In December, the presidents of Argentina, Bolivia, Brazil, Ecuador, Paraguay and Venezuela stood before their national flags in Buenos Aires and signed the founding charter of the Banco del Sur, the Bank of the South. The new bank aims to lend money to its member nations for social and infrastructure projects, with each member giving $1.4 billion from its currency reserves to the bank in coming weeks.
The finance ministers in the region announced in May 2007 that the new bank would be based on democratic, transparent and participatory schemes that are responsible to their constituencies, as the region enters a new era, with approaches different to the free trade neo-liberalism policies of the 1980s and 1990s.
Even as the socialist words of Venezuelas president, Hugo Chávez, ring in the ears, several bankers doubt that this master plan will ever fulfil its potential. The bank says the first loans are expected in just a matter of weeks with around $7 billion of capital but there is a long way to go before any such handouts can start.
First, the main premise of the bank is that all members have equal voting rights and contribute equal amounts of money. However, Argentina, with Brazils backing, thinks that bigger countries should contribute more money so already the first premise of the bank has been brought into question and queries on how this first $7 billion will be raised have emerged.

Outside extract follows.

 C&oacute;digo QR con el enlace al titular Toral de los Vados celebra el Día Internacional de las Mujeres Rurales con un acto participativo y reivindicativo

Then there is the bigger question of what Banco del Surs purpose will be. In the past five years, Latin American countries have gone from holding about 80% of the IMFs loans to less than 1%. With the exception of Argentina, which received loans from Venezuela to pay down its IMF debts, these countries have made paybacks on their own. So does the region actually need a development bank any more? It would seem that the rationale behind Banco del Sur is as much political as economic. It is to replace a lending institution that none of the founding countries uses any more.
Another issue is the impact the new bank will have on local capital markets. The bank will make loans at subsidized rates and so undercut the member countries own capital markets. Surely time would be better spent developing policies and strategies to deepen the local markets rather than debating how to organize a new banking venture that would undermine them?